#### [Input]
-=-=-
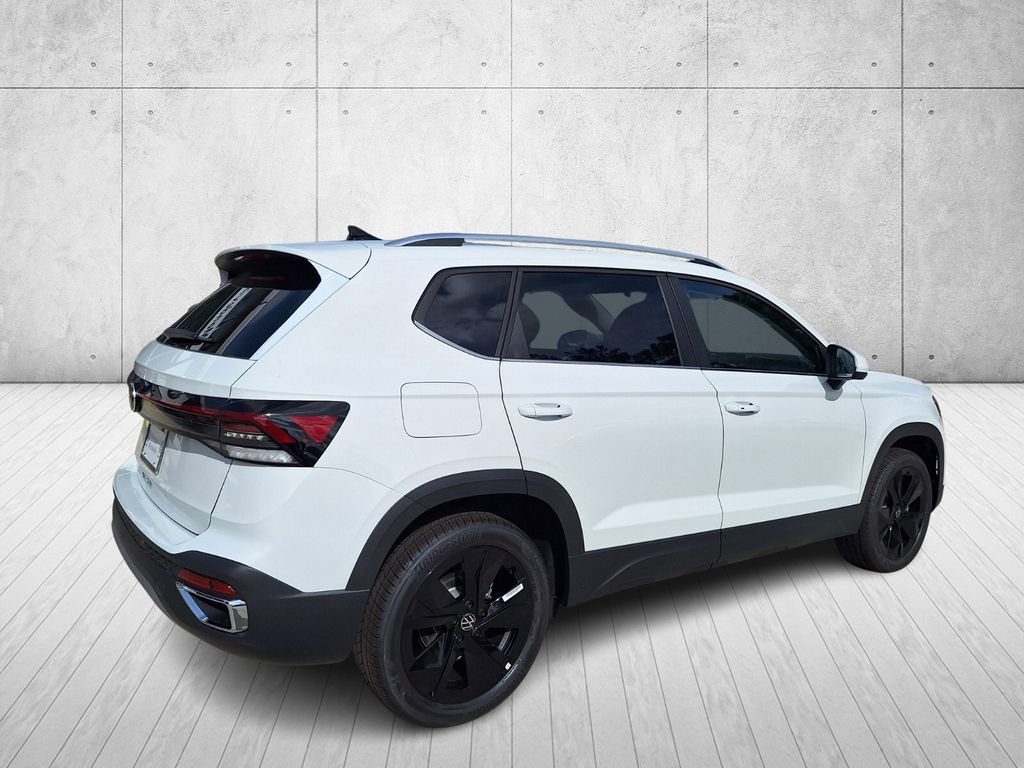 New 2025 Volkswagen Taos SE image 5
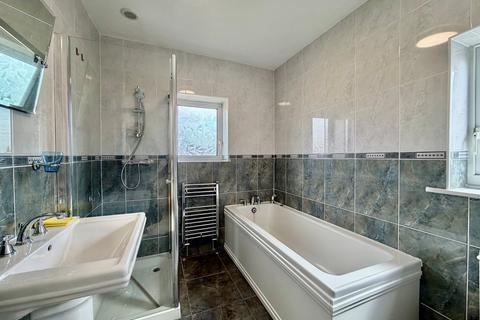 3 bedroom semi-detached house to rent, The Avenue, Alwoodley, Leeds, West Yorkshire, LS17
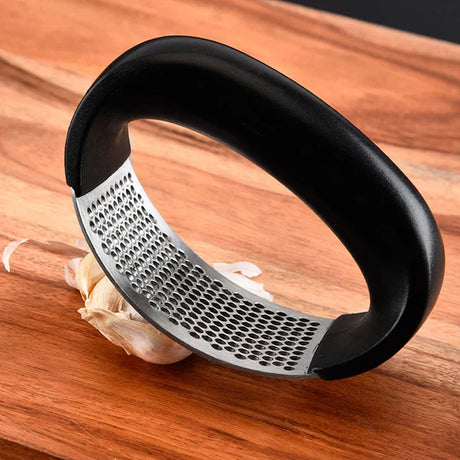 QuickCrush - böjd vitlökspress för matlagning utan trassel | 1+1 gratis Carvallo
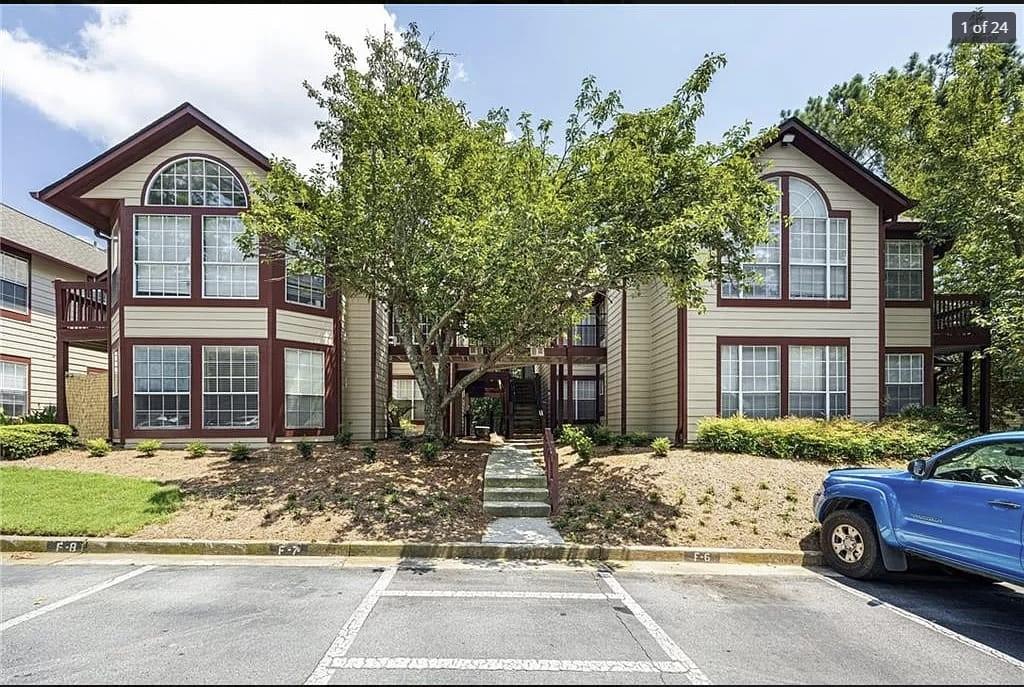 Welcome to the beautiful 3-bedroom, 2-bathroom condominium located in a highly sought-after school district. The home features a modern kitchen with sleek white granite countertops, stainless steel appliances, and a spacious open-concept living and dining area.
Residents enjoy access to a wealth of community amenities, including a swimming pool, fitness center, tennis courts, and a scenic 27-acre private park along the Chattahoochee River. Conveniently situated just five minutes from a variety of shopping and dining options, the property includes an assigned parking space along with ample guest and visitor parking.
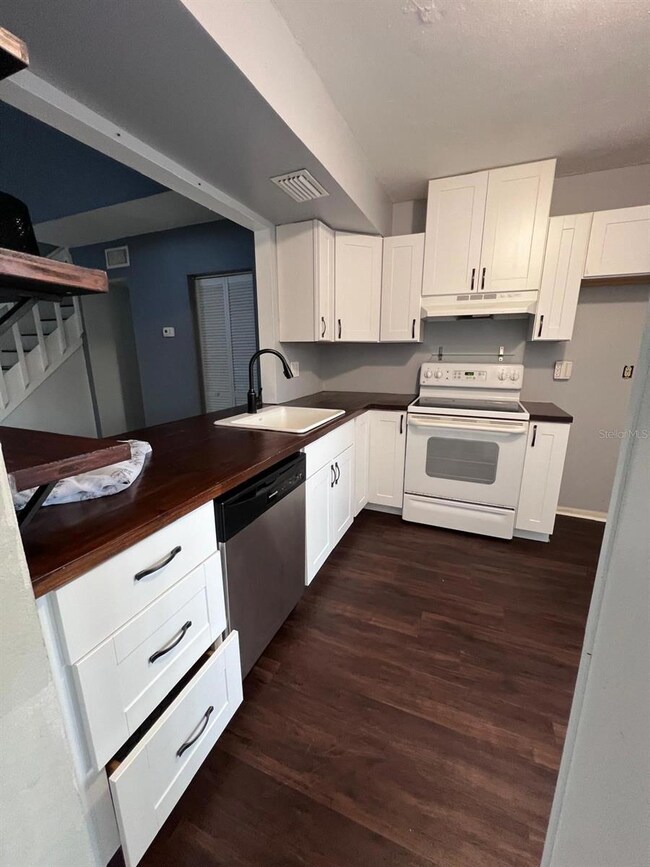 2095 Sunset Point Rd unit 2504, Clearwater, FL 33765 - photo 5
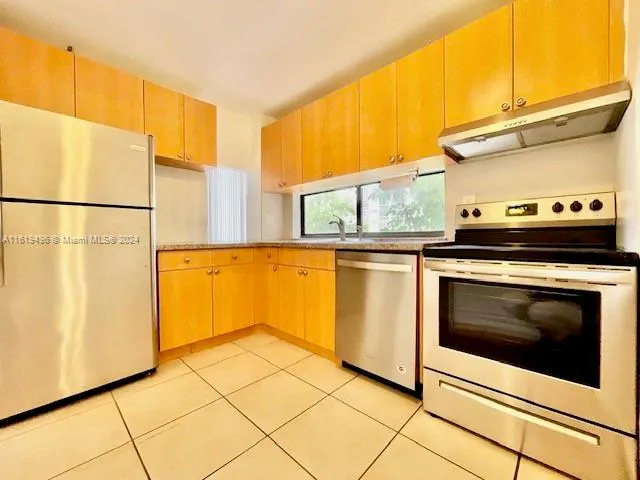 17011 N Bay Rd # 407, Sunny Isles Beach FL 33160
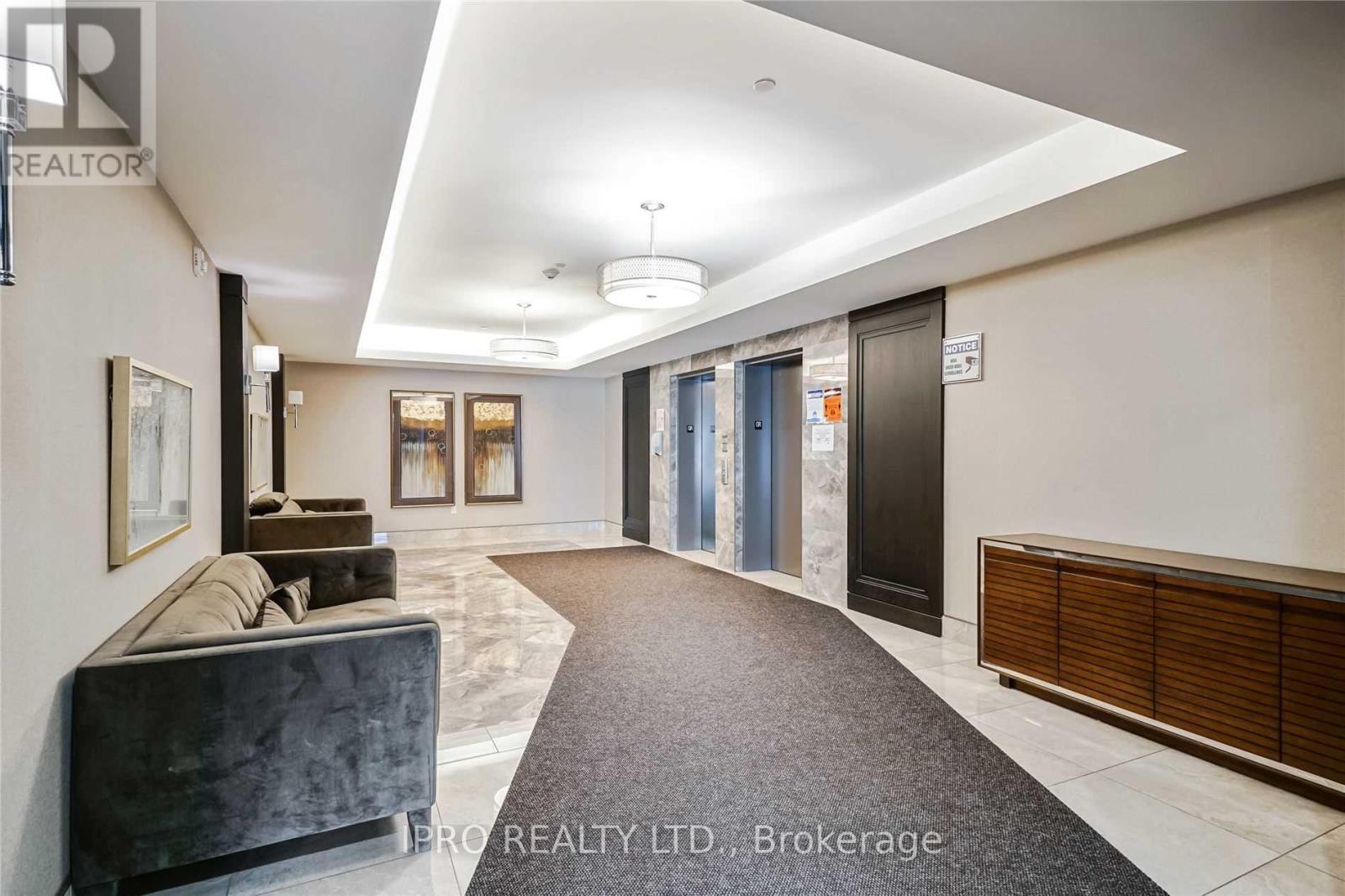 326 - 101 Shoreview Place, Hamilton, Ontario  L8E 0K2 - Photo 4 - X12126774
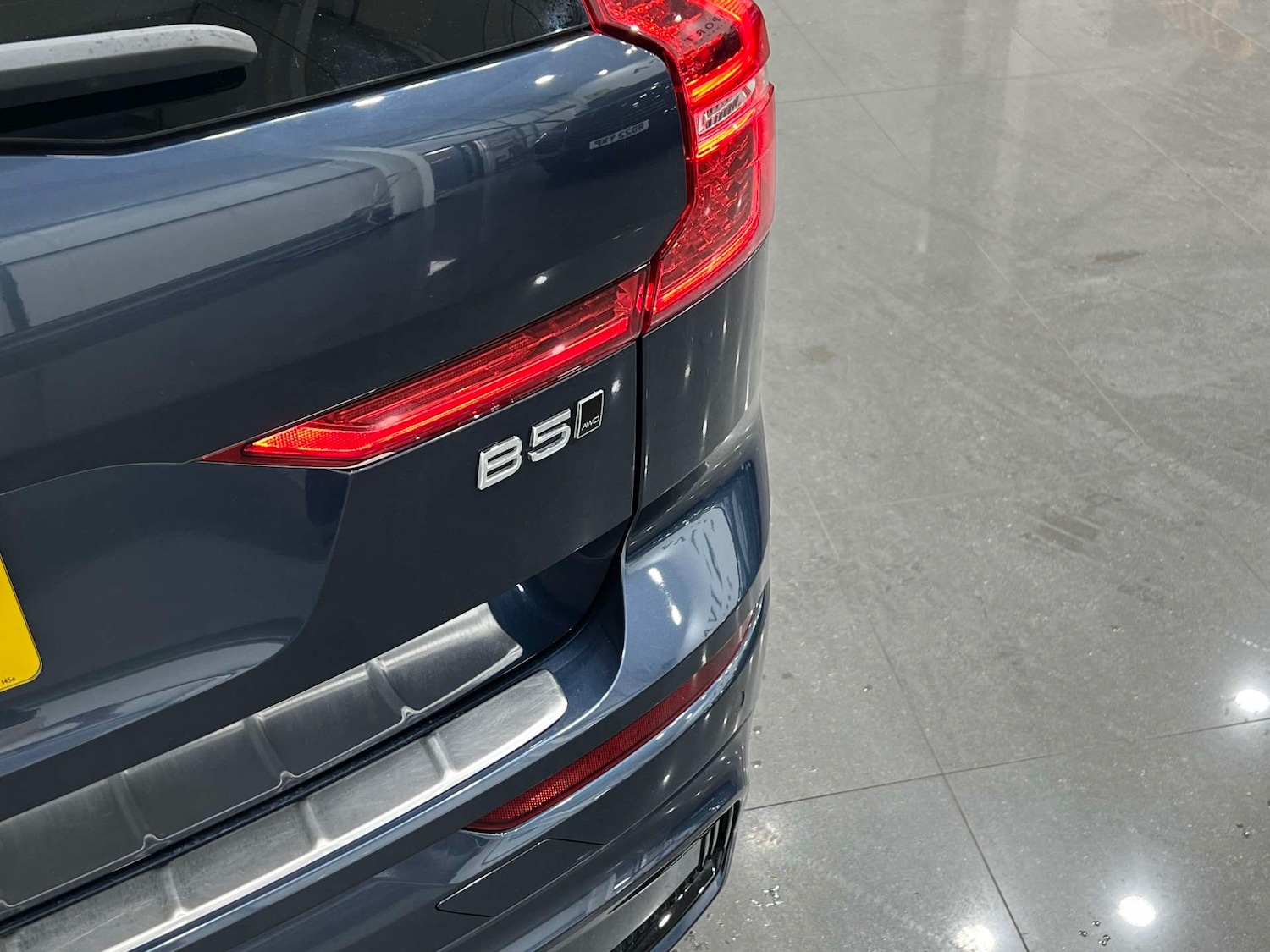 Used Volvo XC60 2021 for sale - 76277537: Photo 30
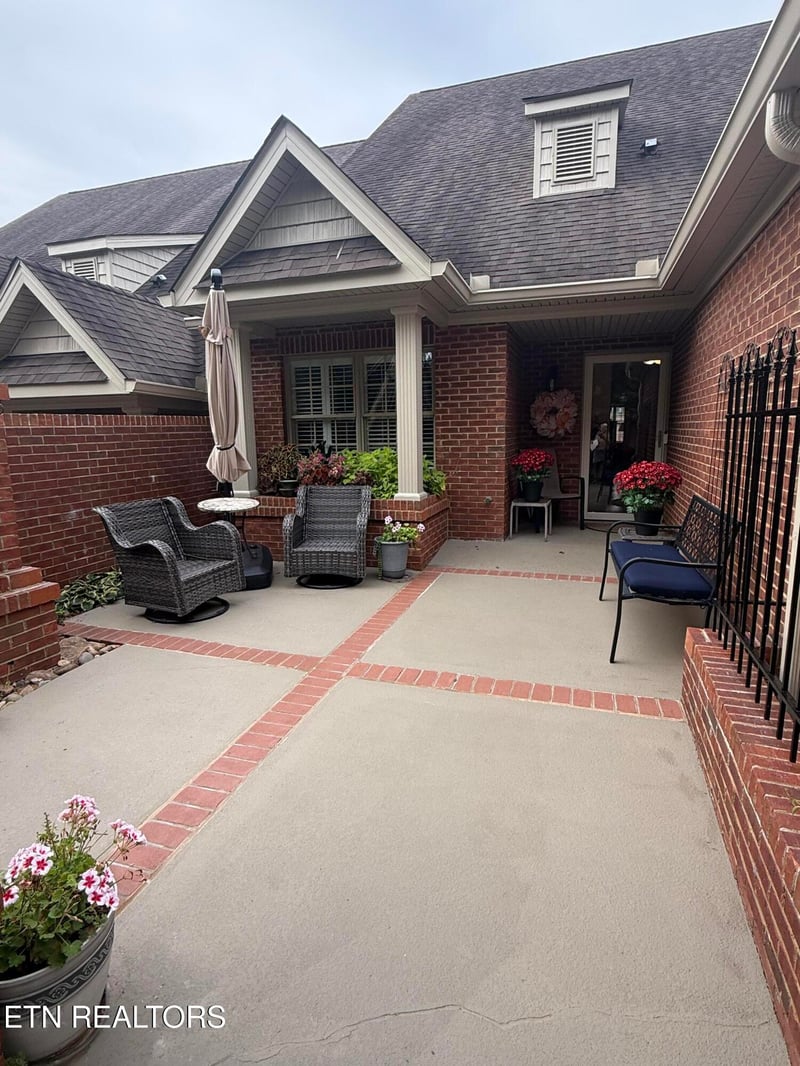 1438 Cottage Glen Ln, Maryville, TN 37801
-=-=-
#### [Aim of the task]
Every line of the material above should be repeated exactly, except for the pictures.

#### [Answer to the problem]
 New 2025 Volkswagen Taos SE image 5
 3 bedroom semi-detached house to rent, The Avenue, Alwoodley, Leeds, West Yorkshire, LS17
 QuickCrush - böjd vitlökspress för matlagning utan trassel | 1+1 gratis Carvallo
 Welcome to the beautiful 3-bedroom, 2-bathroom condominium located in a highly sought-after school district. The home features a modern kitchen with sleek white granite countertops, stainless steel appliances, and a spacious open-concept living and dining area.
Residents enjoy access to a wealth of community amenities, including a swimming pool, fitness center, tennis courts, and a scenic 27-acre private park along the Chattahoochee River. Conveniently situated just five minutes from a variety of shopping and dining options, the property includes an assigned parking space along with ample guest and visitor parking.
 2095 Sunset Point Rd unit 2504, Clearwater, FL 33765 - photo 5
 17011 N Bay Rd # 407, Sunny Isles Beach FL 33160
 326 - 101 Shoreview Place, Hamilton, Ontario  L8E 0K2 - Photo 4 - X12126774
 Used Volvo XC60 2021 for sale - 76277537: Photo 30
 1438 Cottage Glen Ln, Maryville, TN 37801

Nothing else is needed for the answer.